Writing a will is not something that people want to think about. It brings up thoughts of death and dying, and critical decisions that need to be made. These are things that need to be well thought out and discussed with family members in advance, however difficult that may be. A living will is also called an advanced directive. It is a document that states what medical treatment you would prefer in certain situations, in the event that you can't speak for yourself. Living wills are legal documents; they need to take into account state laws, and they should be properly witnessed and notarized.

When preparing to write a living will, there are specific issues that you should address. Ask yourself how you feel about donating organs or tissues or donating your body to research. Think about what arrangements should be made for burial, and for any religious or memorial ceremony. Sometimes there may be religious issues that need to be resolved, and your decisions need to be documented.

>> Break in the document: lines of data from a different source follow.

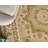 Palazzo Oriental Indoor Rug-40282086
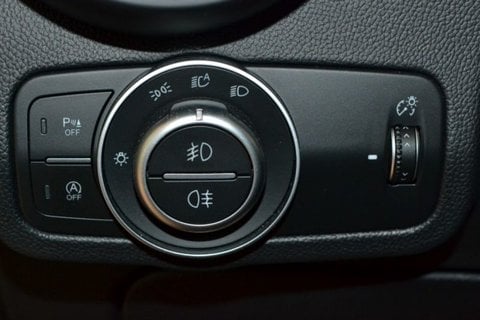 Auto Usate A Cagliari | Alfa Stelvio 2.2 Turbo Diesel 210Cv At8 Q4 Veloce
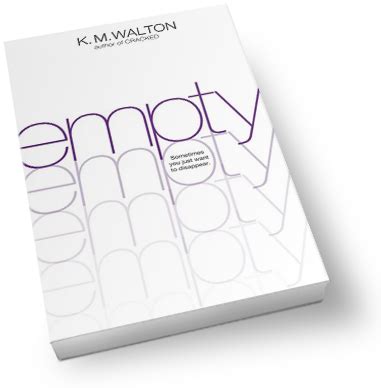 Full Download Empty Km Walton Pdf 
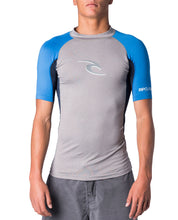 RipCurl Surf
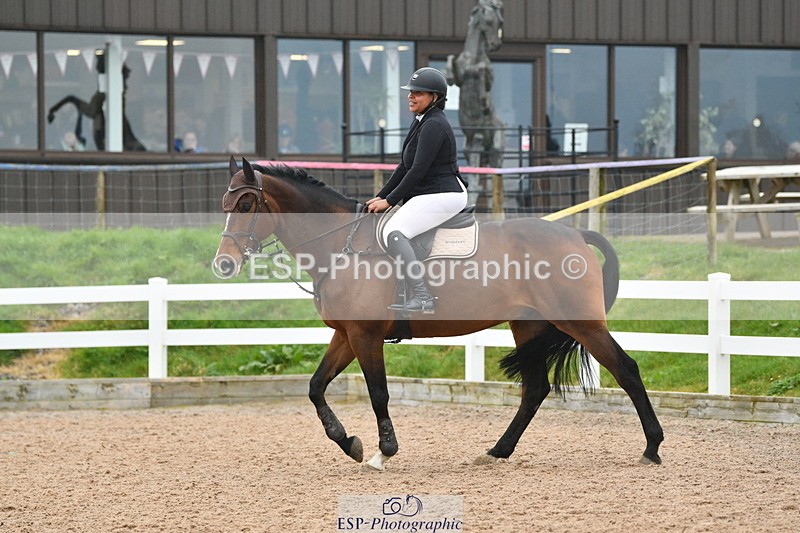 240316A-131318-03876 - Cls 22 Discovery and 1m Open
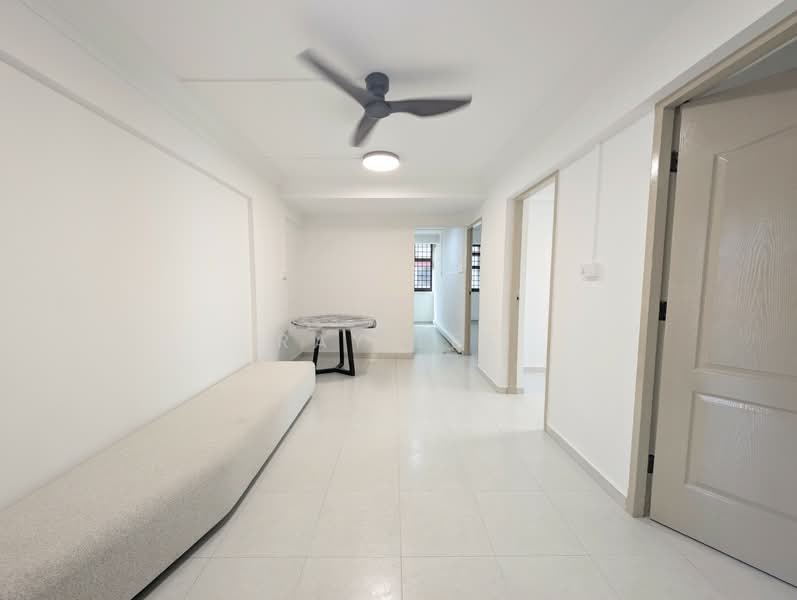 6 Beach Road HDB Flat For Sale at S$ 588,888 | PropertyGuru Singapore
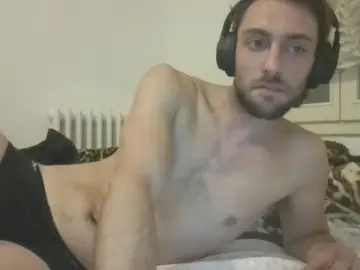 Cam4 Live Sex Cam of rykore22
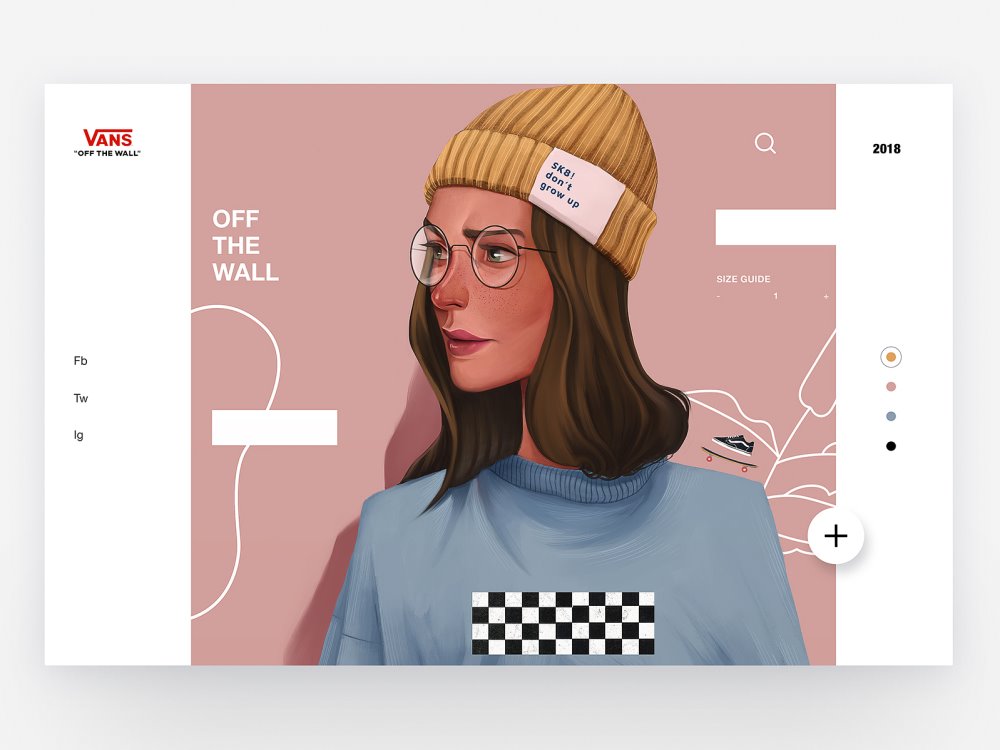Best-Inspiration-for-UI-UX-Design-002
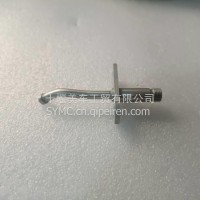 适用奔驰、沃尔沃、斯堪尼亚尿素喷嘴/A0001403268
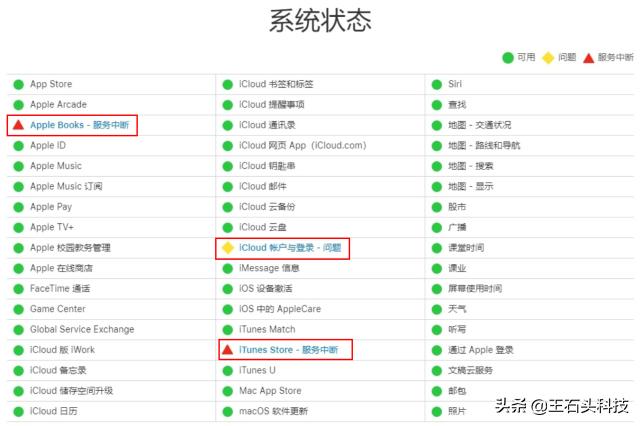 新iphone为什么不能激活,苹果突然无法激活您的iphone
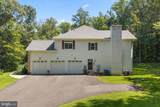 1525 Clay Avenue - Photo 50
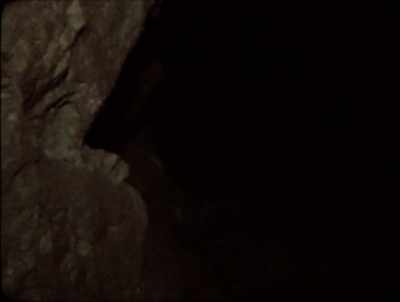 Inventor and master of all deceit... - The Devil's Doorway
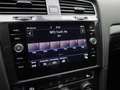 Volkswagen e-Golf E-DITION | 94% SOH | Navigatie | Apple Carplay / A Zwart - thumbnail 19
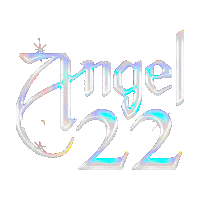 angel22official free hugs angel22 wendi free hugs sofia free hugs Sticker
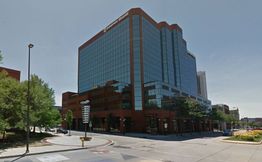 200 E Main St, Fort Wayne, IN 46802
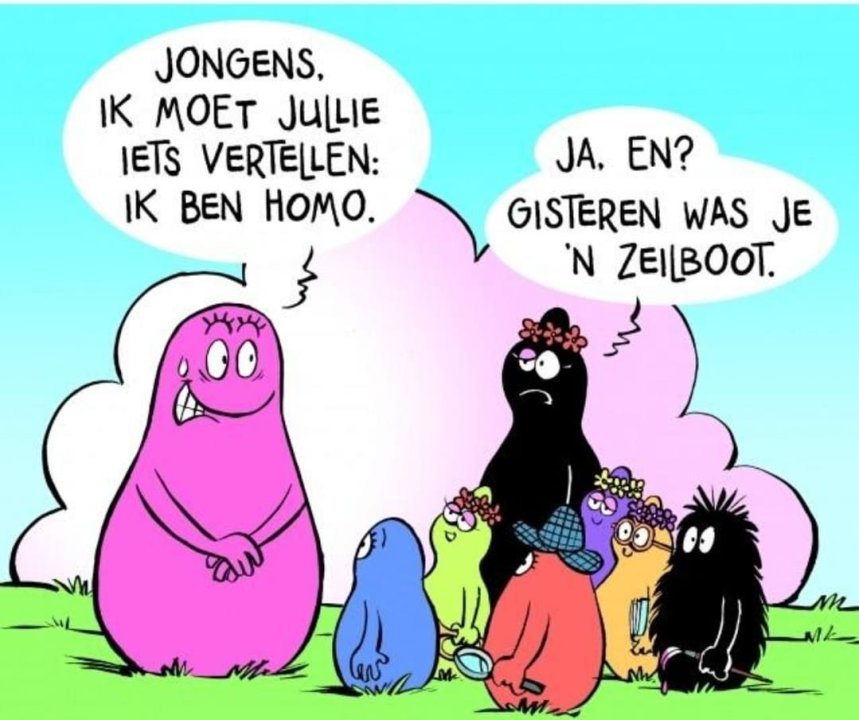 Zeilboot.thumb.jpg.8fc57518b1e81ff15ad6014834674f00.jpg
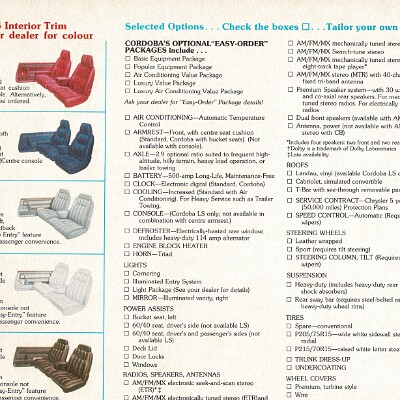 1982-chrysler-cordoba-canada_Page_7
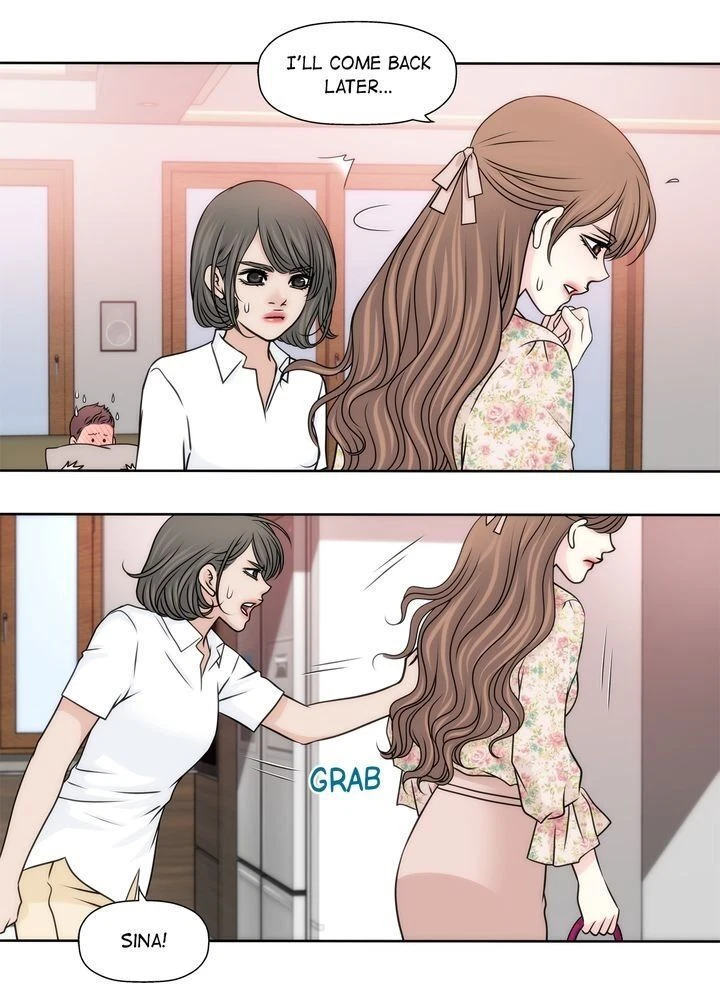 Chapter 108, page 31
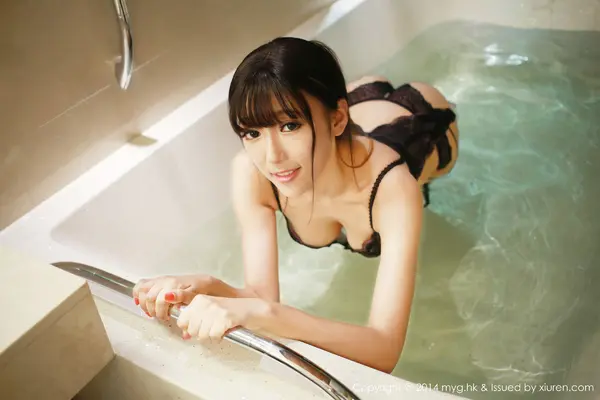 Vol. 0017 王馨瑶yanni(123P)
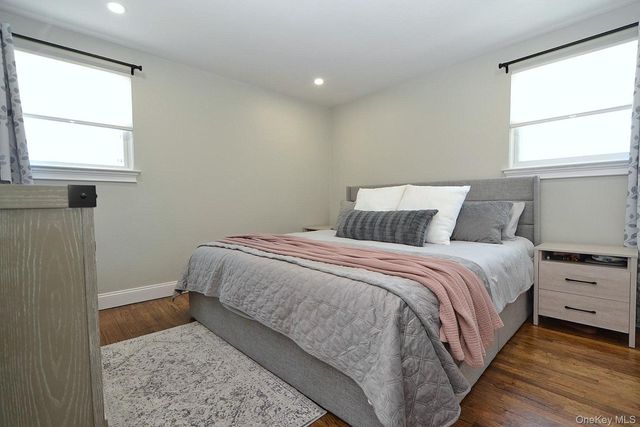 3117 Newport Avenue, Medford, NY 11763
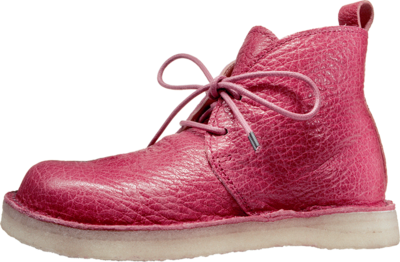 fuxia-bug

There are situations other than death that need to be considered. What are the situations that you, personally, consider to be worse than death? A living will should document your preferences regarding a situation that would require medical equipment to keep you alive, or what happens if you no longer recognize family members or friends. One critical issue that can only be decided in advance is whether or not you issue a DNR, or "do not resuscitate" order. This is an important decision to make, because if your heart stops or if you stop breathing, the medical staff will not use any methods to revive you if there is a DNR order.

Living wills should be reviewed and revised if your feelings about certain issues change, so that your current decisions are always legally documented.